Administration officials acknowledge that many of Mr. Biden’s programs to help hard-hit communities are still in their infancy, and that it may be difficult to assess their effects yet. But Ms. Brainard, in an interview ahead of the speech, said it was fair for Mr. Biden to claim credit for gains in areas like Allentown and Milwaukee.
“In many left-behind communities, unemployment rates have been well above the national average for years,” she said. “And what you’re seeing in those communities now is that unemployment rates have actually moved down below 4 percent, which are, in some cases, a level they haven’t seen in a very long time.”
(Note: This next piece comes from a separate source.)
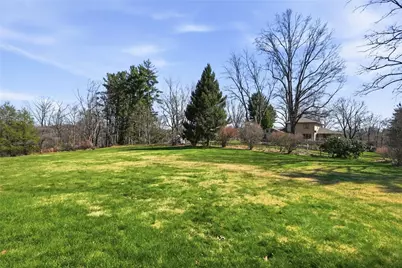 104 Willow Drive, Peters Township, PA 15317 - Photo 30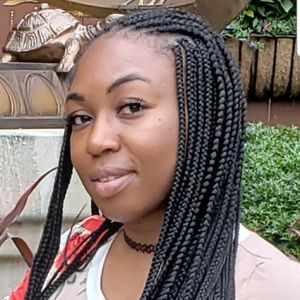 Meet your Posher, Constance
The unemployment rate in the Allentown area was 3.9 percent in November, according to the Labor Department. That’s down from nearly 9.5 percent after the 2008 financial crisis and 4.2 percent on the eve of the pandemic in February 2020, when Donald J. Trump was president. In November, unemployment was 3.1 percent in the Milwaukee area, the same rate as it was in February 2020, and down from 10 percent after the 2008 recession.
Mr. Trump has long promised on the campaign trail and in the White House to revitalize hard-hit American communities. He is making similar promises as he attempts to defeat Mr. Biden this fall, a counterpoint that looms over the president’s place-based effort.
While Ms. Brainard will not mention Mr. Trump by name, she plans to cast Mr. Biden’s place-based policies as the antidote to what the administration calls the failed promises of “trickle-down economics,” including those practiced by the previous administration. That term has long been associated with Republican tax policies. By cutting rates on high earners and corporations, conservative economists have long contended, policymakers would stoke fast economic growth that would lift incomes for all workers.